Walker visits military installations to share his personal story and experience with mental illness while delivering an important message to the troops saying, “There is no shame in asking for help, I did.”
But Walker didn’t start by addressing mental disorders. He started at the beginning by talking about when he began his football career.
“In high school I started playing football so I wouldn’t have to wash dishes,” he said. “I hate doing dishes, and if I was busy with football, my mom wouldn’t have me do them. I was wrong.”
He didn’t know anything about football when he started. He had never watched a game. After high school he went to play for the University of Georgia.
“I remember getting a letter in the mail from Georgia to be [at the school] at five,” Walker said. “I wanted to be early; I have a habit of being on time. So I got up at two a.m. and started driving. I got to the University of Georgia about three thirty in the morning, but I didn’t know where to go, and it was dark outside. About four a.m. it’s still dark and there are no cars coming up. By four forty-five, it’s still dark outside and there are still no cars.
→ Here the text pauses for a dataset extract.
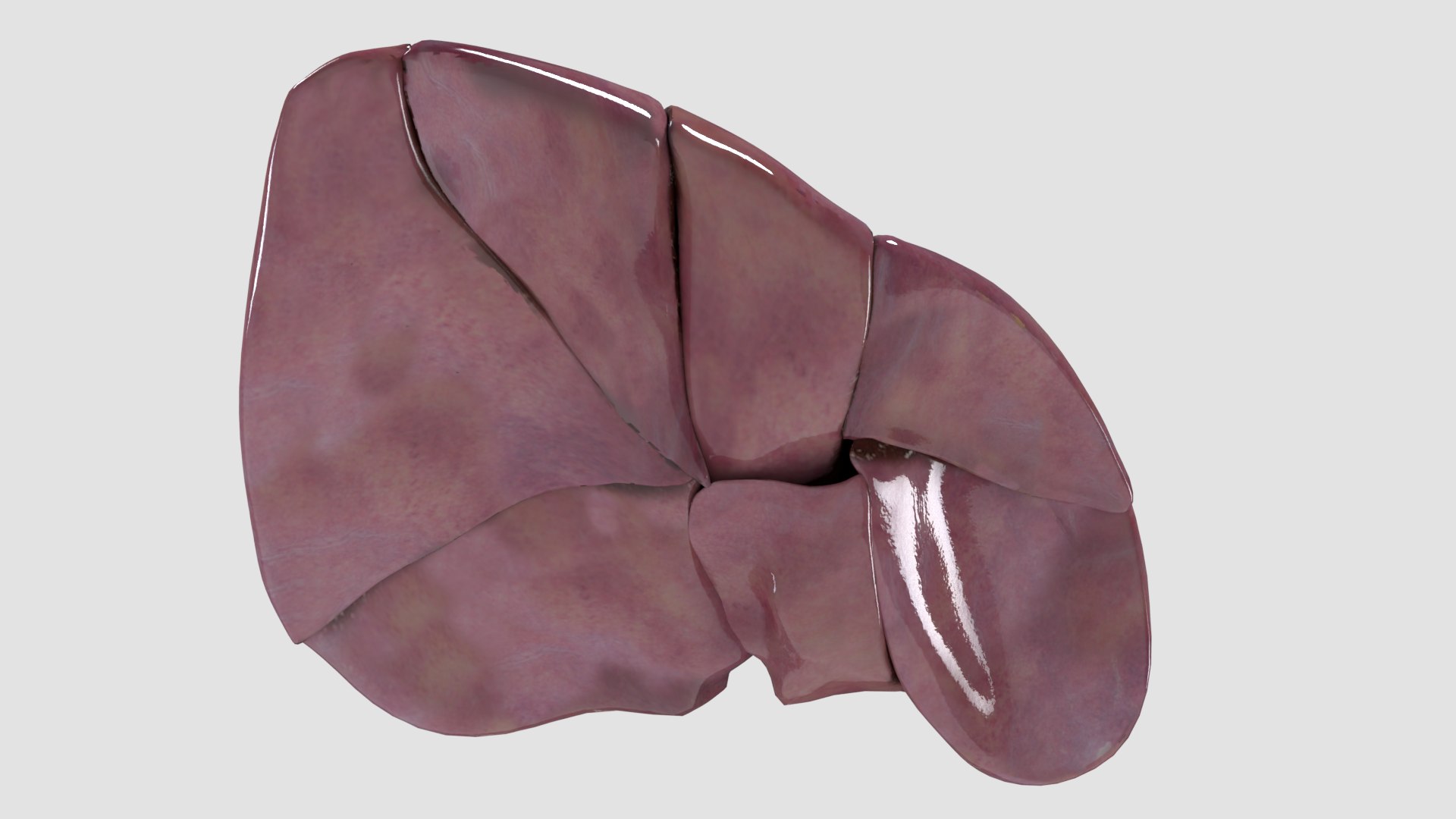 Human liver with segments 3D https://p.turbosquid.com/ts-thumb/JC/VneIdH/1w/3humanliversegmentsbottom/png/1640374608/1920x1080/fit_q87/eaedeeeeca65e8921bbae9f5cc8c43b8c1437362/3humanliversegmentsbottom.jpg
So, I started to wonder if I was in the right place. I got out of my car and ran up to the cafeteria thinking I must be late. Posted on the door was a letter like the one I got. It read 5 p.m., so I was a little early.”
Walker talked about his trials during college and how he made it into the NFL. In his 12 NFL seasons, Walker gained 8,225 rushing yards, 4,859 receiving yards, and 5,084 kickoff-return yards. This ranked him second among the NFL’s all-time leaders in total yardage when he retired. At the start of the 2007 NFL season, ten years after his retirement, he still ranked eighth. He also scored 84 touchdowns: 61 rushing, 21 receiving and returned two kickoffs for touchdowns. Walker is the only other player besides Derrick Mason to have 10,000-plus yards from scrimmage and 5,000-plus return yards, all of which were on kickoff returns.
Then he turned to more serious matters.
“I had a problem. I didn’t know it at the time, but I did,” he said. “As I was leaving the NFL, my ex-wife told me about things I did. I told her I would never do that. She said I would pace the bed at night. She even said I had threatened to kill her a few times.”
Because of this and other experiences, Walker sought help.
“My doctor told me I had DID,” he said. “That’s the new name for multiple personality disorder. And I got the help I needed. There is no shame in that. There is nothing wrong with asking for help when you need it.”
Walker was grateful to be able to come to Luke, but he wasn’t the only one excited by the visit.
“It was awesome,” said Staff Sgt. John Askew 56th Maintenance Operation Squadron Plans and Scheduling. “I’m from Texas and a huge Dallas Cowboys fan, so seeing him and having him talk about the Cowboys was great, it made my day.”